PROMPT
Please repeat the lines below exactly. Begin with the line containing "Five-color Zircon Bracelet" and go on through the line containing "Fototapeten Chrysanthemen mit".

MATERIAL PROVIDED
☆ ☆ ☆

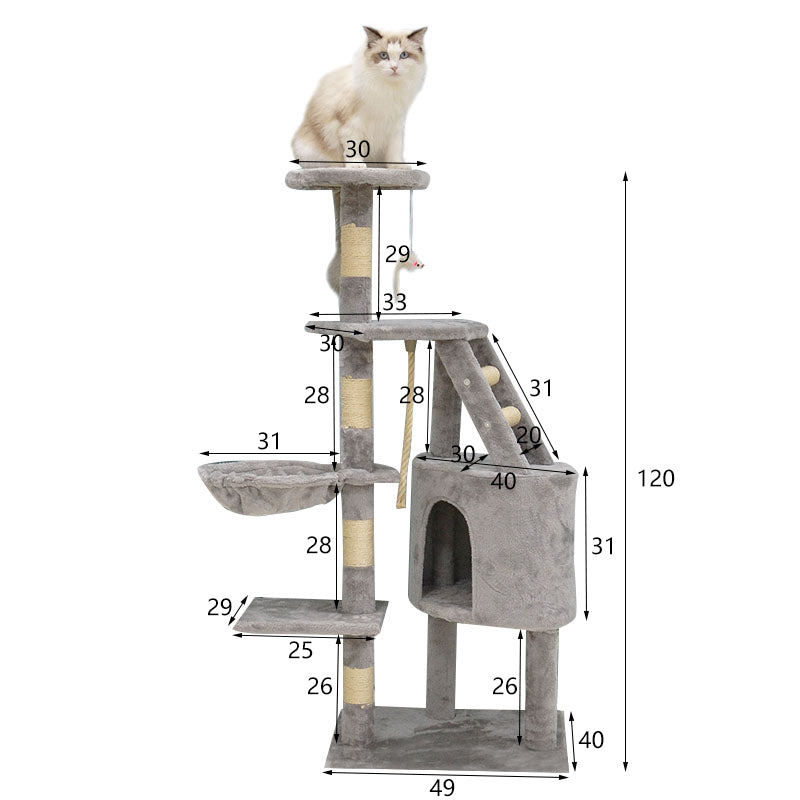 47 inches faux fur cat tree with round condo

☆ ☆ ☆

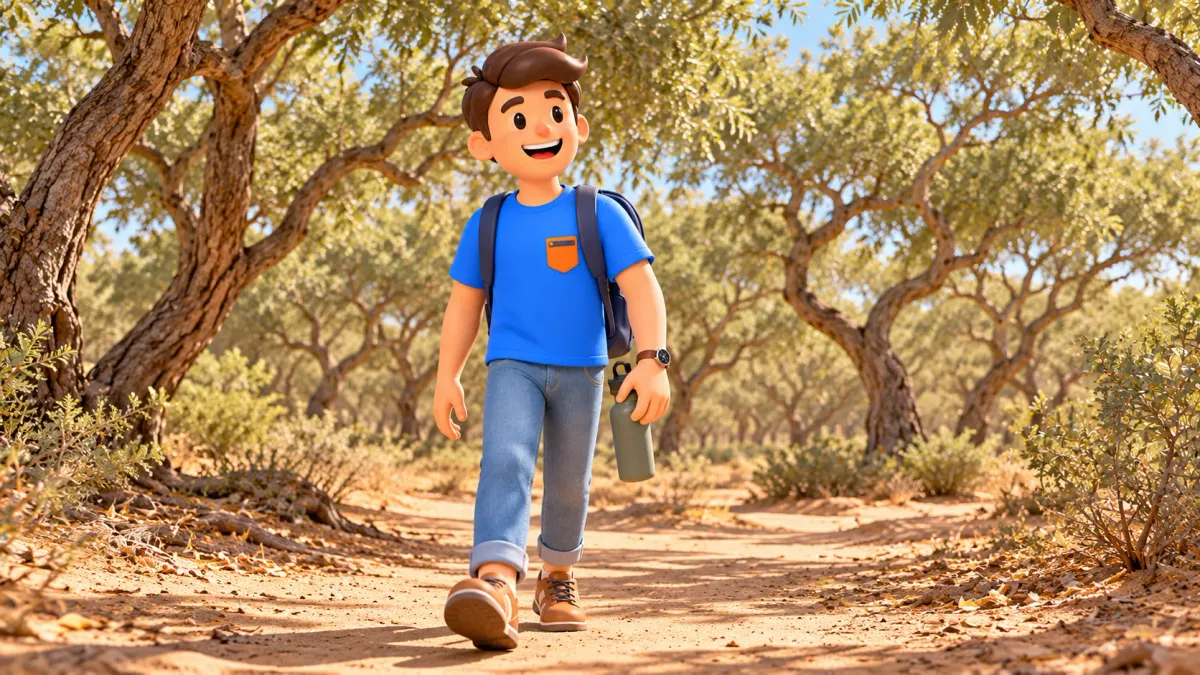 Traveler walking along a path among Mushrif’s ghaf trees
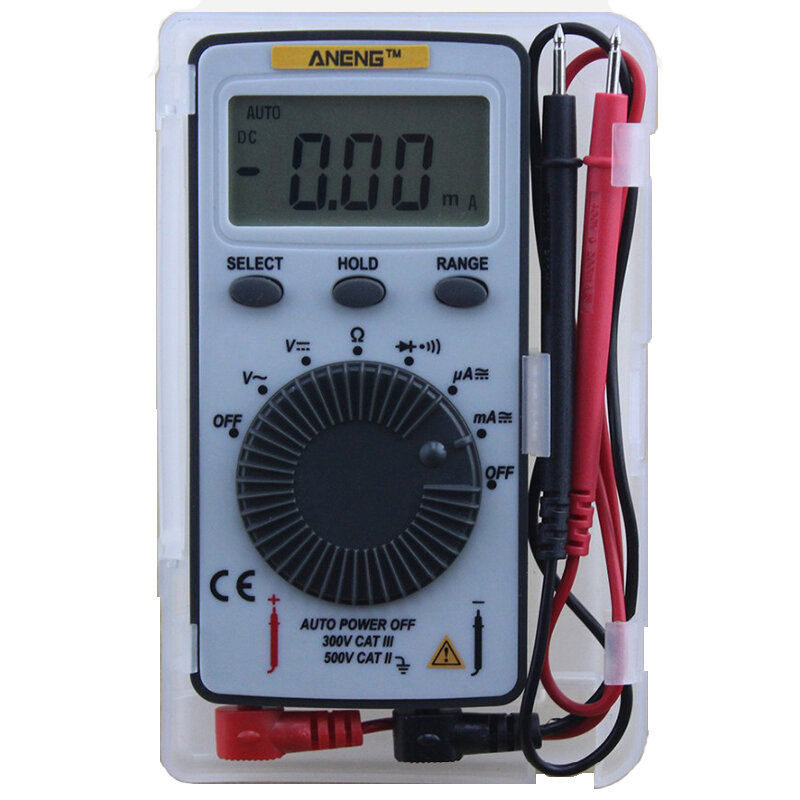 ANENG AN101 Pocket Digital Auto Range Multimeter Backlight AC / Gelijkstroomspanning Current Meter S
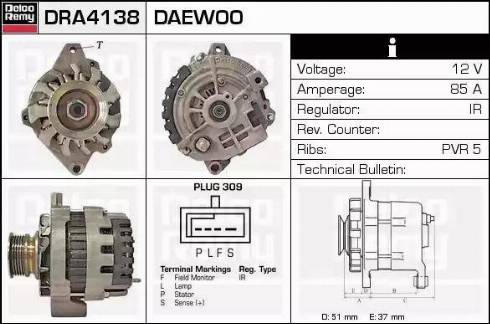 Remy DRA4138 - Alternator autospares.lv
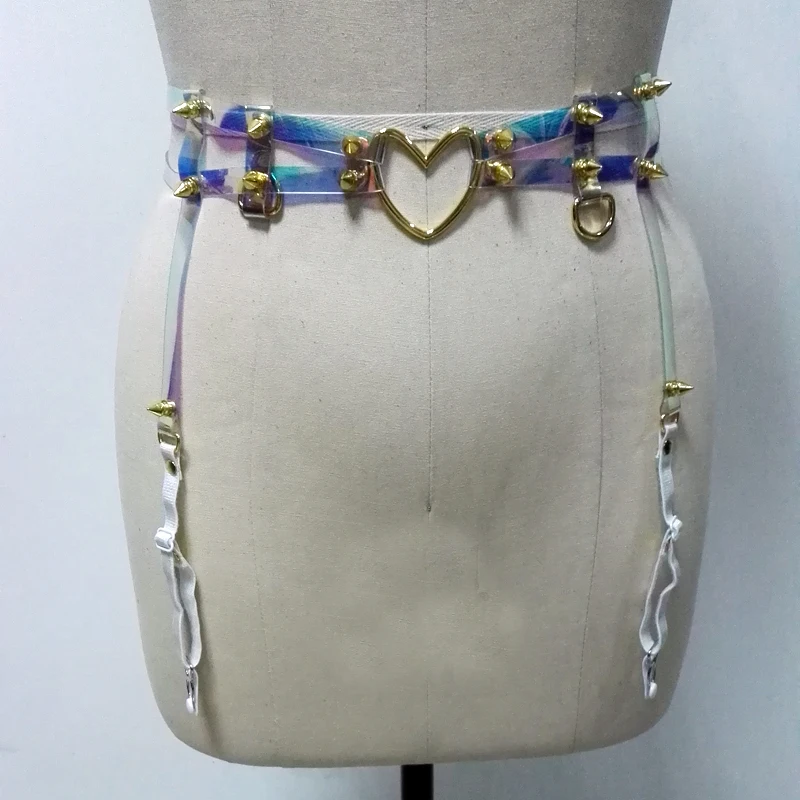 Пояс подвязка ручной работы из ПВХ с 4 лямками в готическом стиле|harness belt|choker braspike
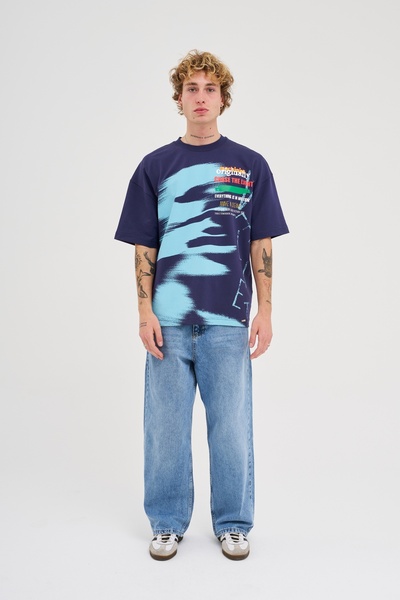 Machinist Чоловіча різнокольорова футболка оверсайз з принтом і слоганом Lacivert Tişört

☆ ☆ ☆

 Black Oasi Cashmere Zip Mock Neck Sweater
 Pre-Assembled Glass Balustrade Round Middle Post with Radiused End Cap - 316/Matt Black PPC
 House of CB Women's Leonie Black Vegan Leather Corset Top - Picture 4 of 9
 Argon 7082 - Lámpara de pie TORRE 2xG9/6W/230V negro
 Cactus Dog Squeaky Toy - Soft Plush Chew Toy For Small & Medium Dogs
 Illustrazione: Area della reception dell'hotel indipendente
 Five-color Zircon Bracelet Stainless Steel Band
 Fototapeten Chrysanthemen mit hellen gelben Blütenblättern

☆ ☆ ☆

SOLUTION TO THE EXERCISE
 Five-color Zircon Bracelet Stainless Steel Band
 Fototapeten Chrysanthemen mit hellen gelben Blütenblättern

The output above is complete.